Wer jemals einen gemüseunkundigen Menschen zum Kauf einer Mangoldstaude geschickt hat, ahnt, was passiert: Statt des akribisch geschilderten Blattgemüses wird stolz ein Bleichsellerie präsentiert – und das geplante Menü über den Haufen geworfen. Dabei war der würzige Mangold bei uns noch um die Jahrhundertwende bekannter als Spinat und wird ganz ähnlich zubereitet. Heute kommt er meist aus südlichen Ländern wie Italien und Spanien, wird aber auch bei uns, vor allem von Ökobauern, wieder angebaut.

Mangold ist nur eines von den zahlreichen „vergessenen“ Gemüsen, die sich nach und nach wieder in Erinnerung bringen – und das nicht unbedingt deshalb, weil sie besonders pflegeleicht sind: Wie Markus Marquart von der Hamburger Gärtnerei Sannemann festgestellt hat, unterliegen auch Gemüsesorten einem Trend, ganz ähnlich wie Mode. Und der ist, wie Lothar Krüger vom Göhrdehof kritisiert, für die Erzeuger oftmals nicht kalkulierbar. Bestes Beispiel für die Gemüsemode: die Rauke (ital. Rucola). Dieser würzig-bittere Salat, der optisch an Löwenzahn erinnert, hat die Salatszene geradezu im Sturm erobert. Besonders im vergangenen Jahr war das fedrige Grünzeug der Renner auf Märkten und in Gemüseläden, dabei war es beispielsweise bei Sannemann schon seit Jahren im Angebot.
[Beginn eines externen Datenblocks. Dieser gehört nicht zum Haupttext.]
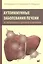 Аутоиммунные заболевания печени:от патогенеза к прогнозу и лечению — 2609602 — 1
Der Anbau von Rauke ist relativ problemlos in unserem Klima möglich – ein Freund berichtete im vergangenen Jahr von verblüffenden Rauke-Wucherungen auf seinem Großstadtbalkon. Das gilt auch für den Winter, daher empfielt Marquart Rauke auch in der kalten Jahreshälfte, neben Schnittsalaten wie Postelein oder Rübstiel. Finden kann man solche relativ unbekannten Gewächse im Bioladen oder auf dem Ökomarkt – oder in den Gemüseabokisten, wie sie z.B. bei Sannemann angeboten werden.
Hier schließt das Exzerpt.